NYC Rule Could Yield Nearly $300m in Tips for Uber Drivers
April 27, 2017|Greg Rogers
April 27, 2017
By the end of the year, Uber customers in New York City will be able to tip their drivers using their smartphone app.
On April 17, the New York City Taxi and Limousine Commission (TLC) acknowledged a petition from the Independent Drivers Guild (IDG), an advocacy group for the city’s 50,000 ride-hail drivers, calling on Uber to allow passengers to tip their drivers in the app when the ride is complete. In response, TLC announced that it would introduce a rule requiring the company to provide an in-app tipping option this year.
The decision follows a yearlong IDG campaign calling on Uber to “make the user experience less confusing for passengers” by adding an option to allow passengers to tip their drivers after each ride.
IDG circulated stickers to raise customer awareness that tips were not included in its fares and its petition has gathered over 11,000 signatures and counting.

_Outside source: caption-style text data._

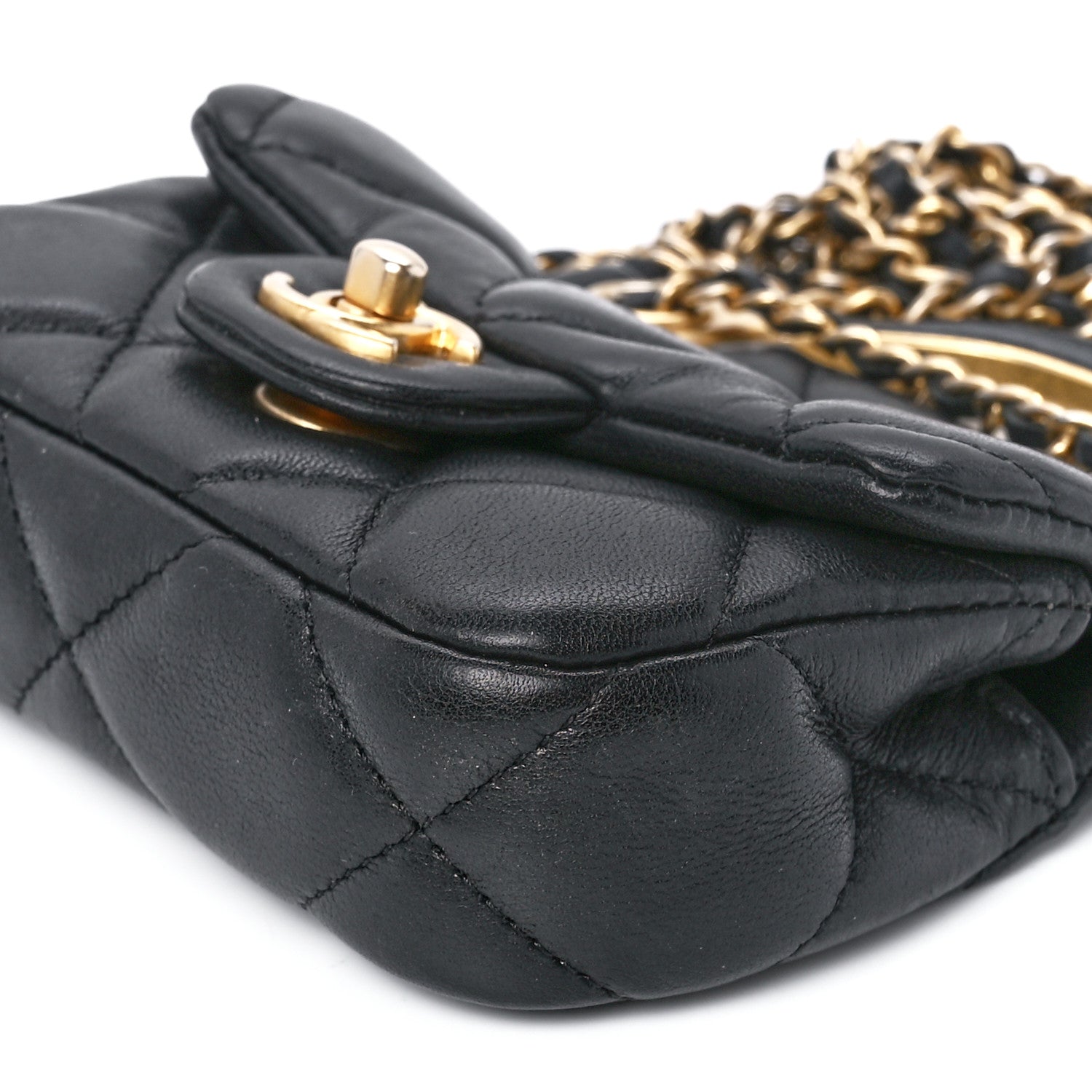 Chanel Calfskin Quilted Lady Handle Flap Card Holder With Chain Black 13 of 14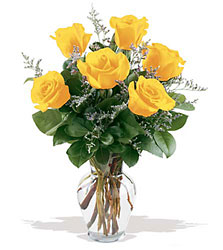 6 Yellow Roses In Waterford Michigan Jacobsen's Flowers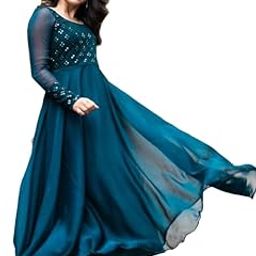 Traditional Indian Wear Embroidered Mirror Work Georgette Anarkali Kurta for Women - Solid Design, Long Sleeves, Ankle & Floor Length, 3.5 Meter Flare-picture-42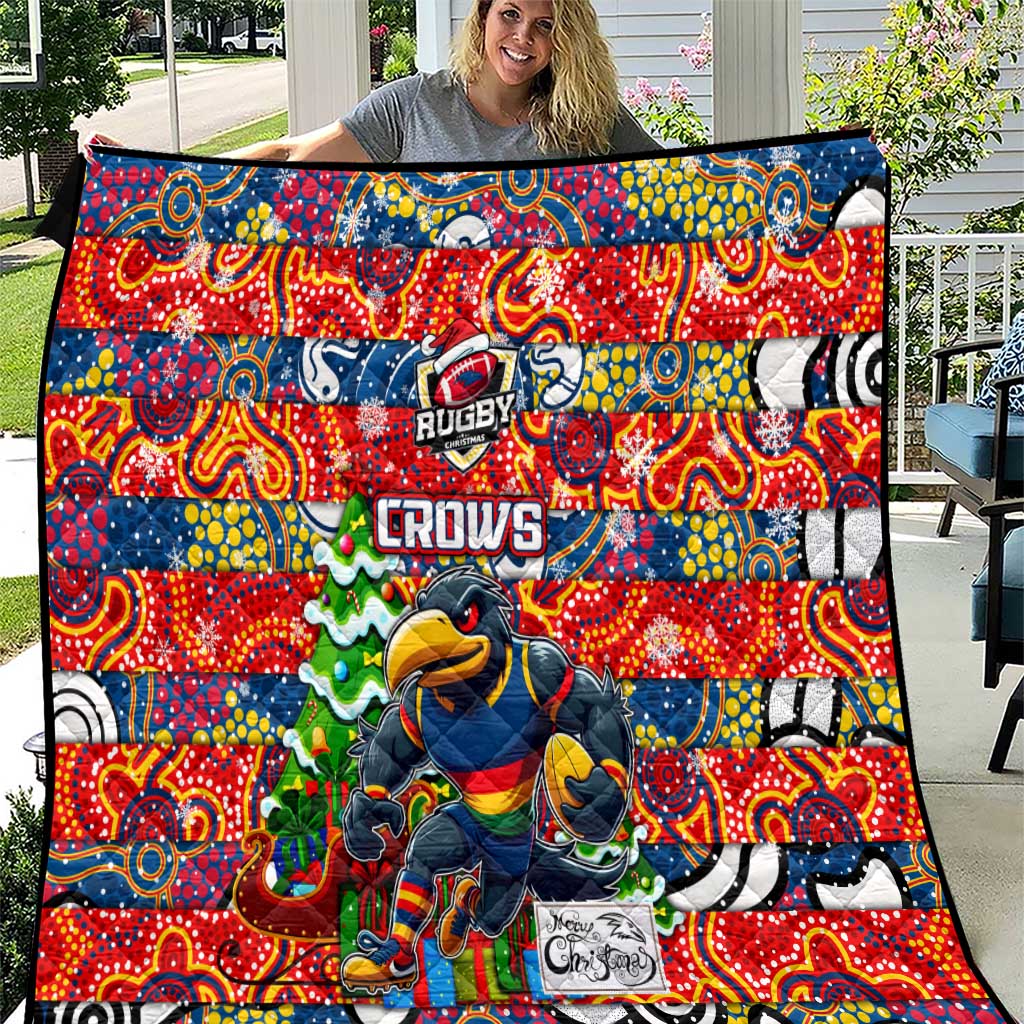 Crows Football Merry Christmas Quilt Indigenous Australian Art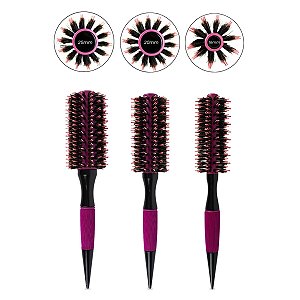 Kit 3 Escova de Cabelo Redonda Cerdas Duplas Térmica Rosa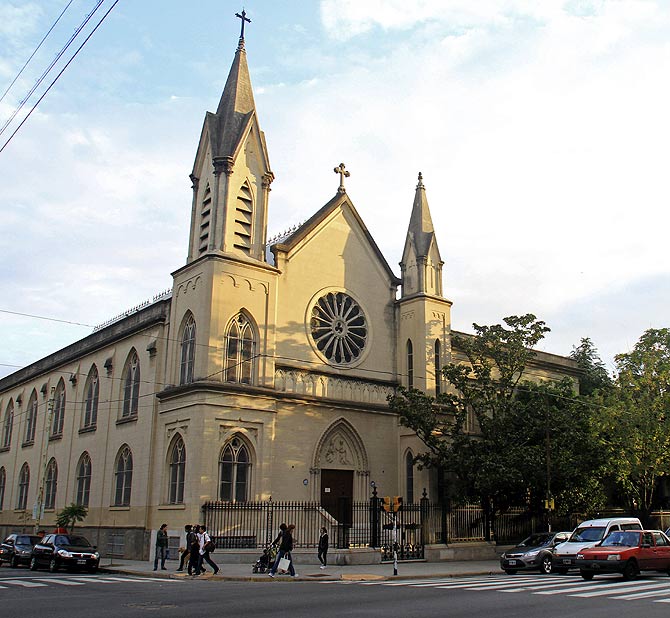 An exterior view of the Our Lady of Mercy Church.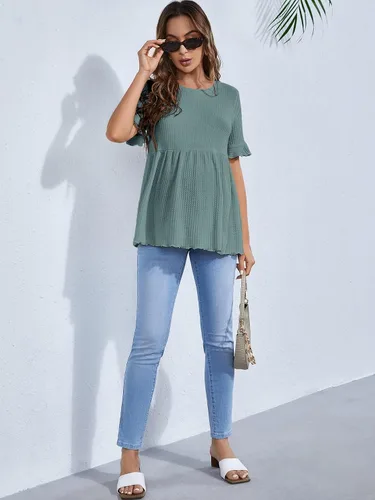 Miniatura 5 de Floerns Camiseta de maternidad casual de manga corta con dobladillo con volantes para mujer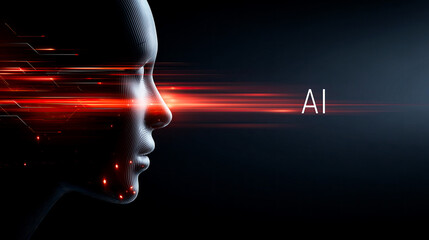 Human-like AI representation shows advanced technology in a modern art style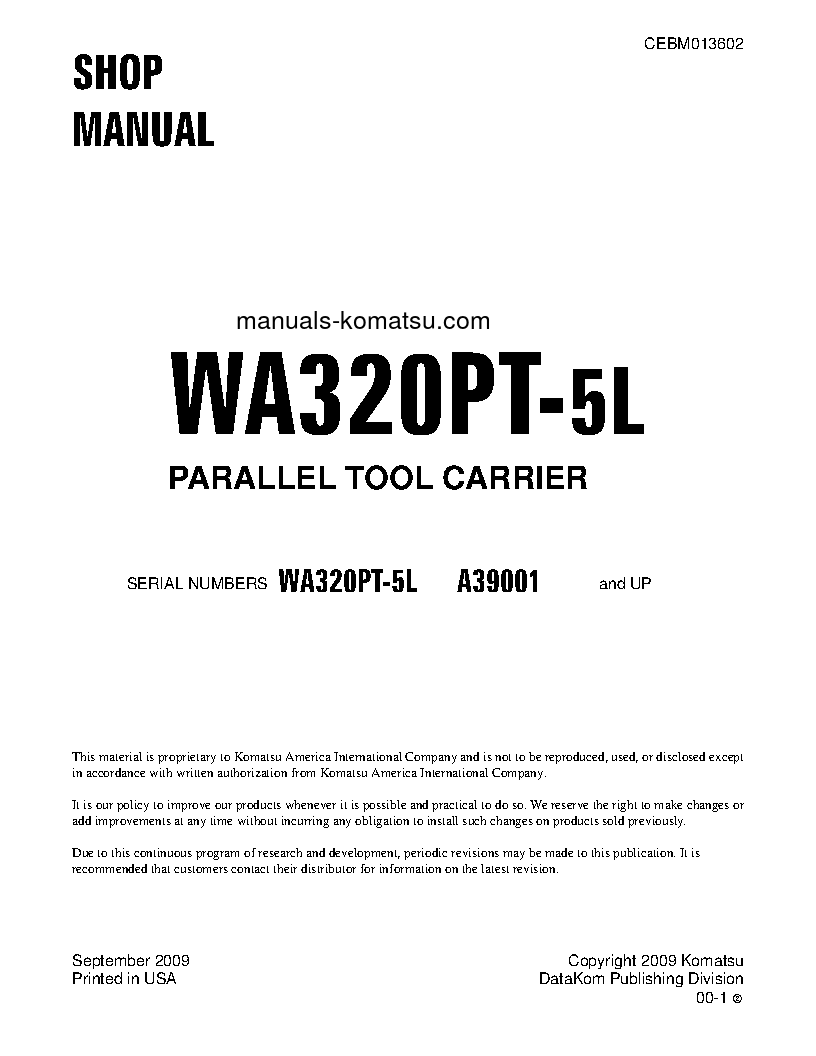 WA320PT-5(USA)-L S/N A39001-UP Shop (repair) manual (English)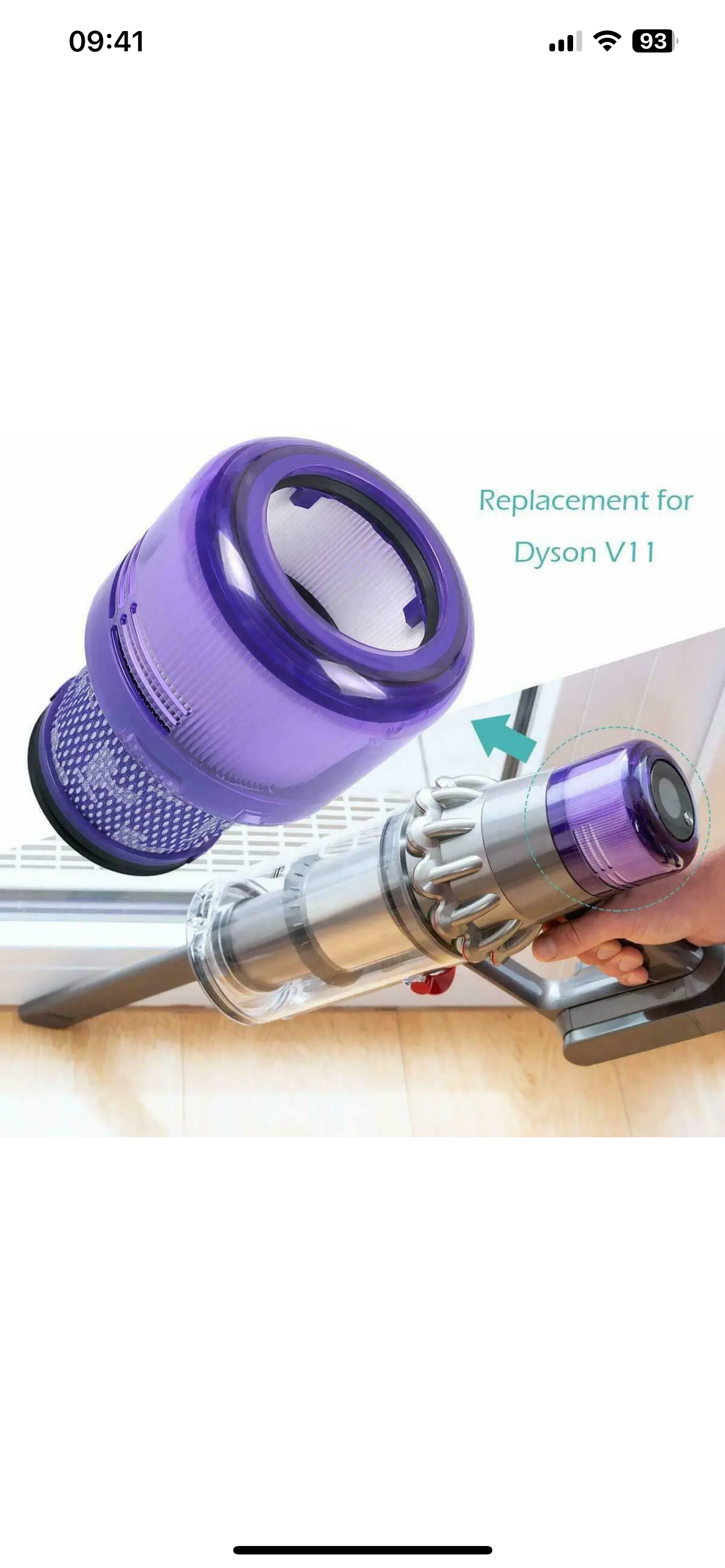 V11 Pre/Post Filter compatible with Dyson V11 to V15 HEPA Filter Handheld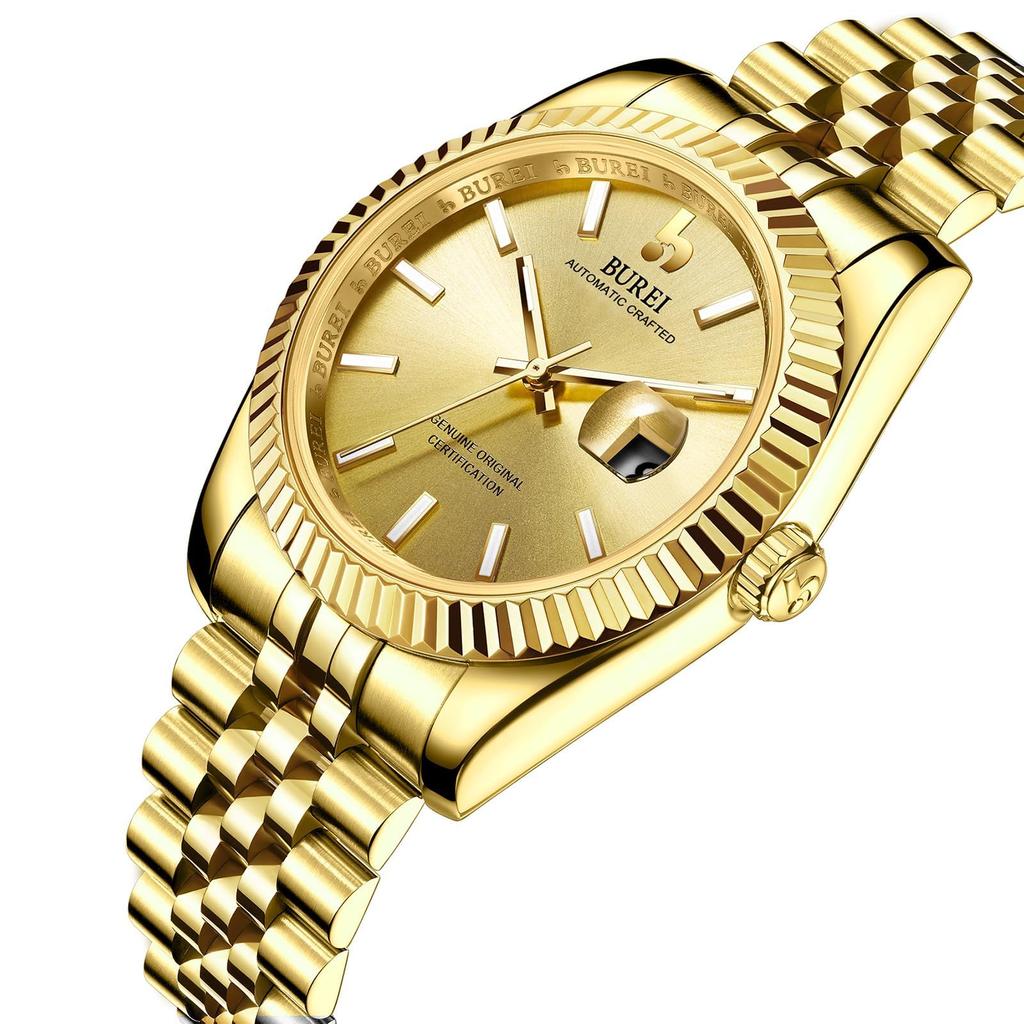BUREI Men's Automatic Mechanical Watch, Waterproof, Analog, Popular for Business, Date Display, Gold, Stylish, Simple, Luminous Watch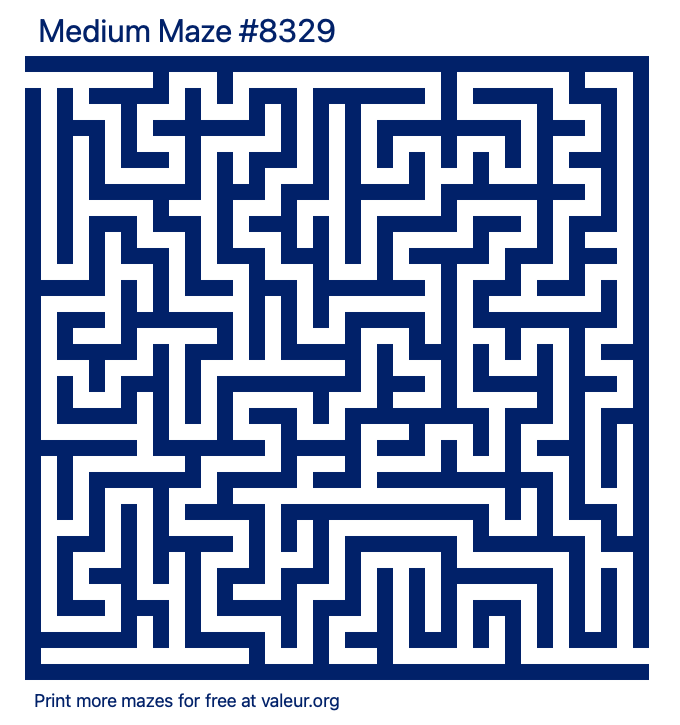 Free Printable Medium Maze number 8329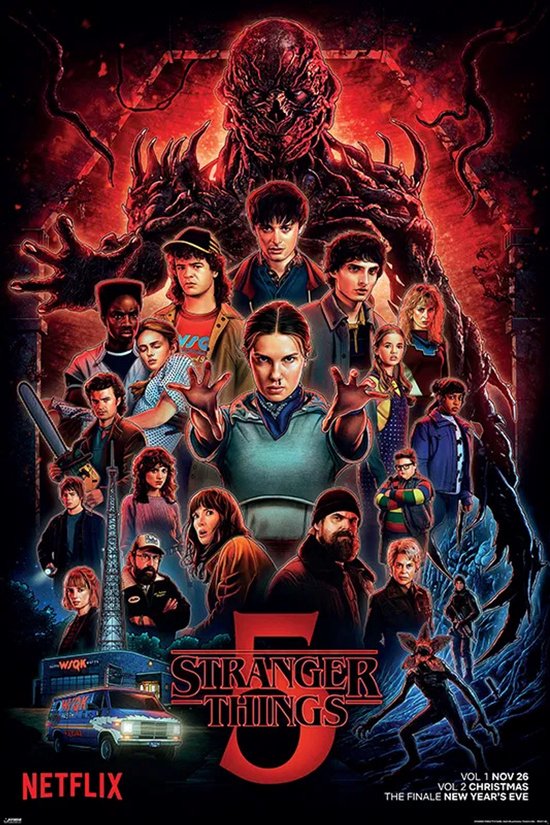 Stranger Things 5 poster - film - tv - série - Netflix - Eleven - 11 - Mike - 61 x 91.5 cm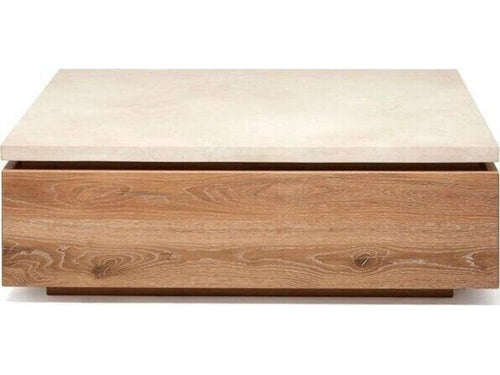Branford Square Storage Coffee Table in Saddle and Honey Marble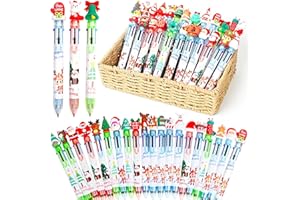 GUDOTRA 50 Pezzi Penne Natalizie Bambini in 6 COLORI Gadget Natale Bambini Regalini Fine Festa Compleanno Penne a Sfera Colorate Gadget Compleanno (50)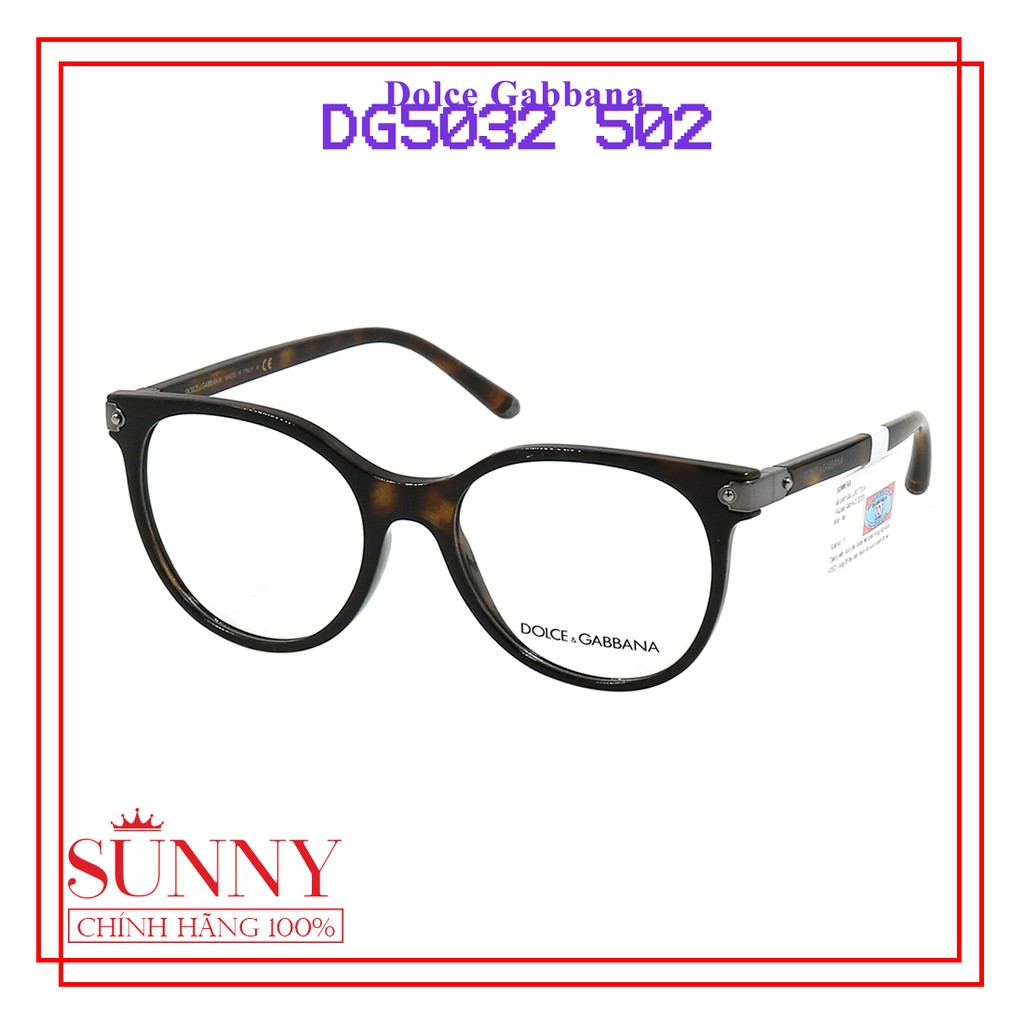 Gọng kính nam nữ chính hãng Dolce &amp; Gabbana DG5032 màu sắc thời trang, thiết kế dễ đeo bảo vệ mắt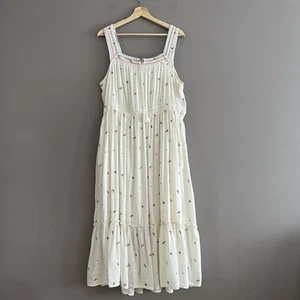 Antiguo Maxi Vestido Azul Marino Bordado Definido Cintura Campesino Lechera Countrycore Crema - Imagen 1 de 16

Once enacted, IDG estimates this policy will yield drivers a total of $300 million per year in tips.
“Drivers have long been denied access to the kinds of benefits and labor protections many workers take for granted, such as paid sick leave or the minimum wage,” said IDG founder Jim Conigliaro, Jr.
“As a result, New York City’s professional drivers have traditionally depended on gratuities for a substantial portion of their income. Cuts to driver pay across the ride-hail industry has made tipping income more important than ever.”
IDG formed last year under an agreement between local drivers, the International Association of Machinists and Aerospace Workers union, and Uber itself. Through this five-year deal, IDG members meet with Uber management once a month to discuss their concerns and appeal Uber’s decisions to suspend or ban drivers.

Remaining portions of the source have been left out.